Directions for this task: Copy exactly the stretch of data below from the line with "Slazenger SA23RK033 Gala" through the line with "Khám xét khẩn", including both of those lines.

The data:
—————
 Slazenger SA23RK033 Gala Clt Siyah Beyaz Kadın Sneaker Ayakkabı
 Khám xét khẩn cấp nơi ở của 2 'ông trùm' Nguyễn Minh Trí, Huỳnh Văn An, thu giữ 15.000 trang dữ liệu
—————
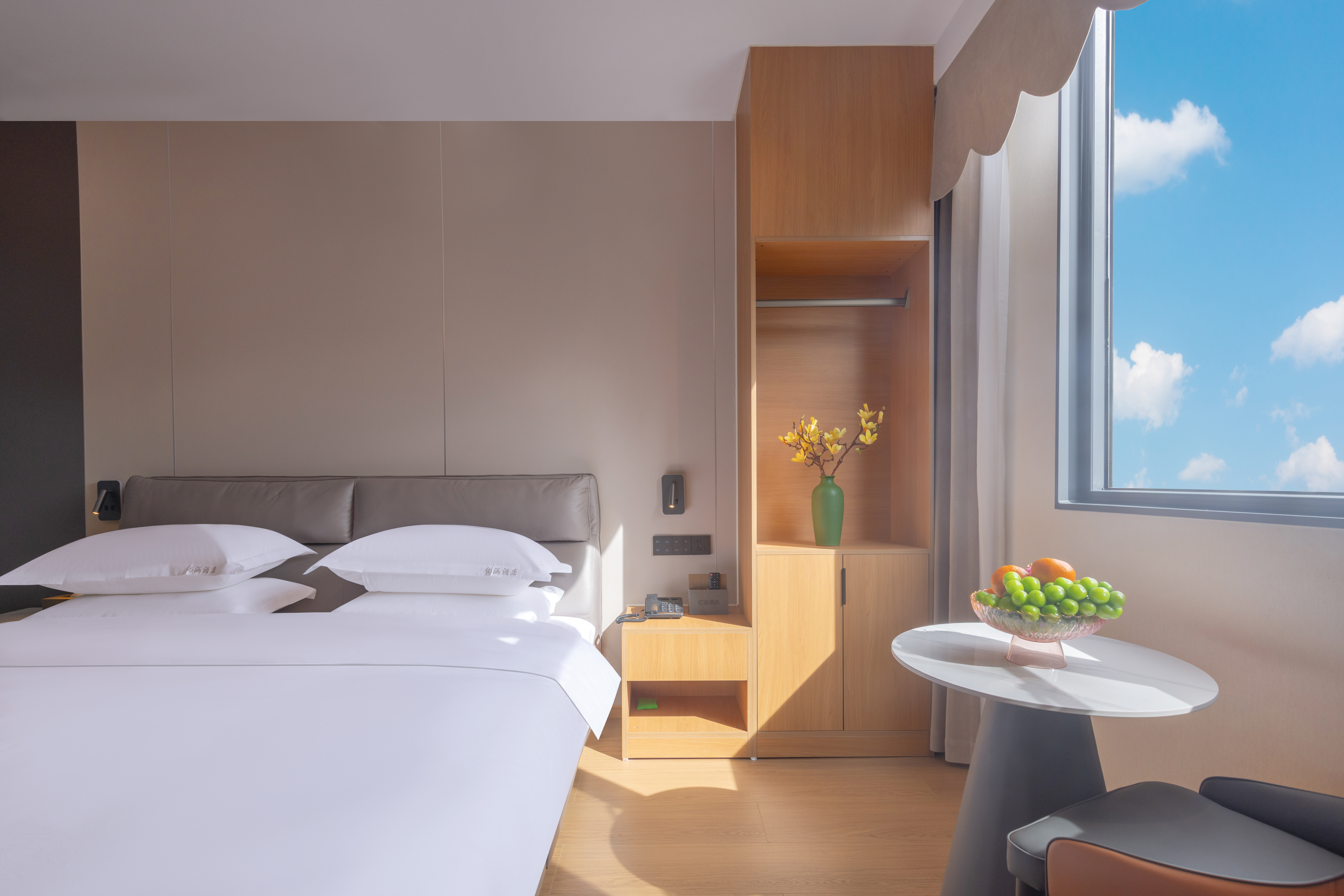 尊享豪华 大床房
—————
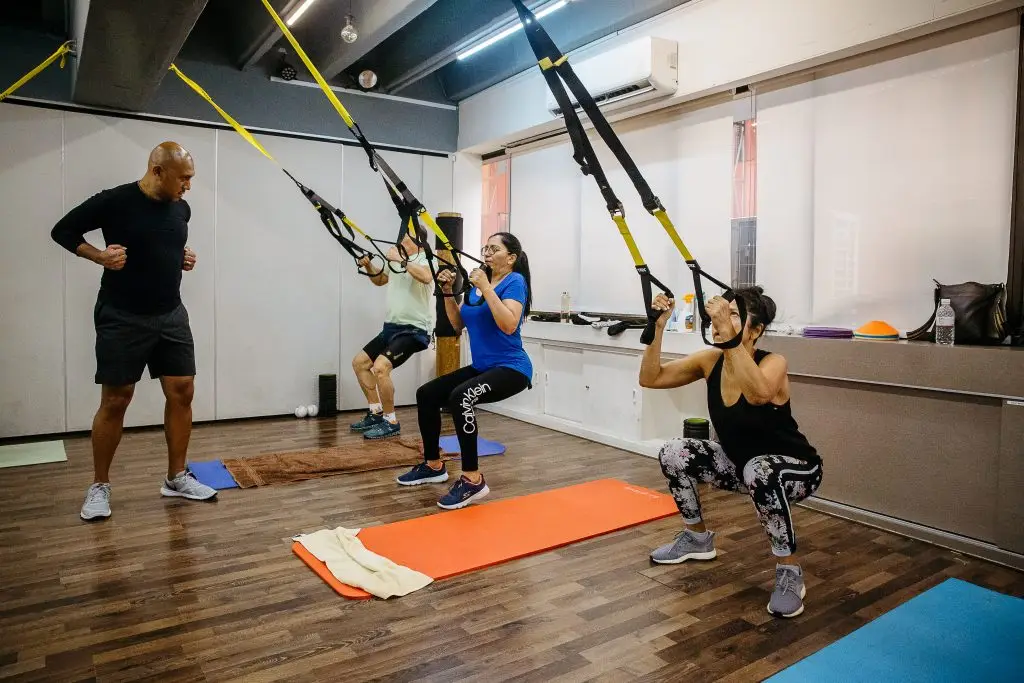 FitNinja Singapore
—————
Task answer:
 Slazenger SA23RK033 Gala Clt Siyah Beyaz Kadın Sneaker Ayakkabı
 Khám xét khẩn cấp nơi ở của 2 'ông trùm' Nguyễn Minh Trí, Huỳnh Văn An, thu giữ 15.000 trang dữ liệu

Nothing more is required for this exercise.